His command doesn’t echo, but the power in his voice reverberates through the room, striking Carolina’s chest in repeated stabs of guilt. The foggy red haze clouding her vision and body with anguish simmers and clears until she can finally see Jacob where he stands, tall and steady. She remembers, suddenly, the man she’d seen across the room three years earlier. His confidence as he strode through the crowd. He hadn’t noticed her immediately, hadn’t pursued her with cocky arrogance. Instead, he noted her. Admired her. And when he finally did speak, it was with a reassuring certainty that drew her in.
One of her hands finds the windowsill, the other still grasps Annabelle closer. She cannot bring herself to go further. Her body burns with the effort she’s already put in to resist his gravity.
“No,” she says again, convincing herself more than telling him, “No, I have to go, I won’t let you raise her like this—”
“Like what? She will attend a private boarding school. She’s going to get the best education available. She has a loving mother and a loving father. Please, Carolina, we can fix this. We can make it work. I just need you to stay with me.”
Finally, his wandering hands find first Annabelle’s foot, then Carolina’s arm, her shoulder, her neck. He searches for the hand on the windowsill and finds it clenched. The rest of her stands limp in his shadow. She is not braced, not scared. But she doesn’t fall into him with relief nor seek comfort in his proximity.

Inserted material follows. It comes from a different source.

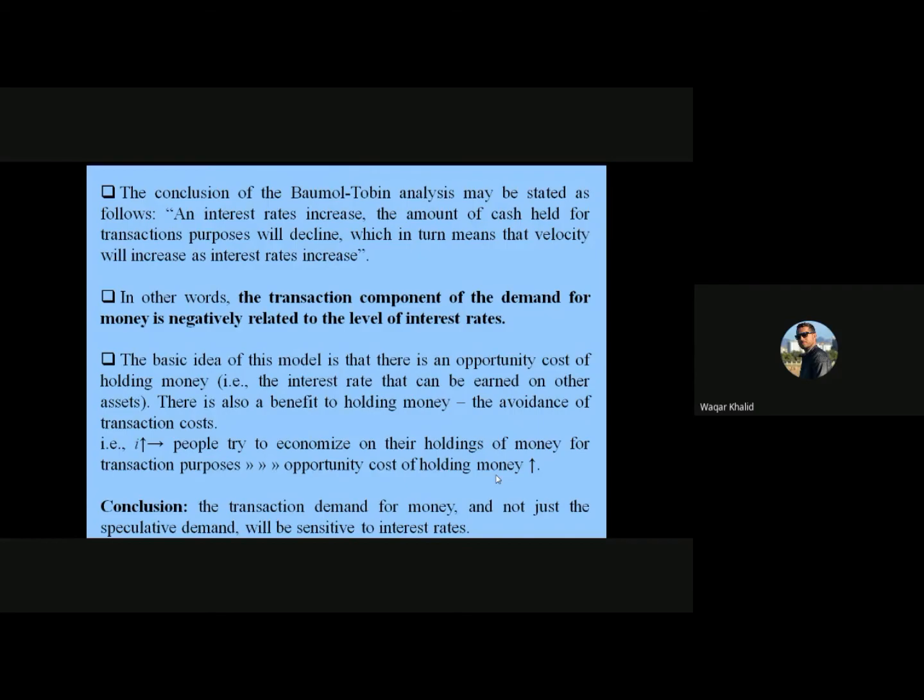This is the new addition to Keynes's theory: in Keynes's original theory, only the speculative demand for money was sensitive to the interest rate, but the Baumol-Tobin model shows that the transaction demand for money is also sensitive to the interest rate and changes when the interest rate changes.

“You’re here?” he whispers. He feels her nod. “Okay, I’m here too, so everything is going to be okay. Why don’t we go back to that doctor in town? He can check on you. I’m going to make everything okay.”
Helplessly, her head falls against his shoulder. There’s a type of apology in her muted crying. Annabelle’s hands play with the fabric of her father’s sleeve. She doesn’t know the difference between this moment and any other loving embrace of her parents, she cannot sense the danger her father had fought so valiantly to protect her from.
Carolina’s hand falls from the windowsill. He finds it and holds it with his own.
“It’s going to be okay,” he repeats. He doesn’t demand it, but the assurance he says it with is a type of command in and of itself.
“Please let me go.”
God, what did she not understand? He squeezes her hand—hard, this time. He wouldn’t describe it as violent, though. He’s patient. He has been endlessly patient.
His thumb grazes the cold, sharp chains on her wrists.
Oh, he thinks. Simple as that. Oh.
Because suddenly, he remembers why they’d gouged his eyes out. It’d been mercy, they claimed, so he didn’t have to look at the misery in the eyes of the woman he’d imprisoned.
He’d needed a wife, after all, and Carolina had been desperate for love.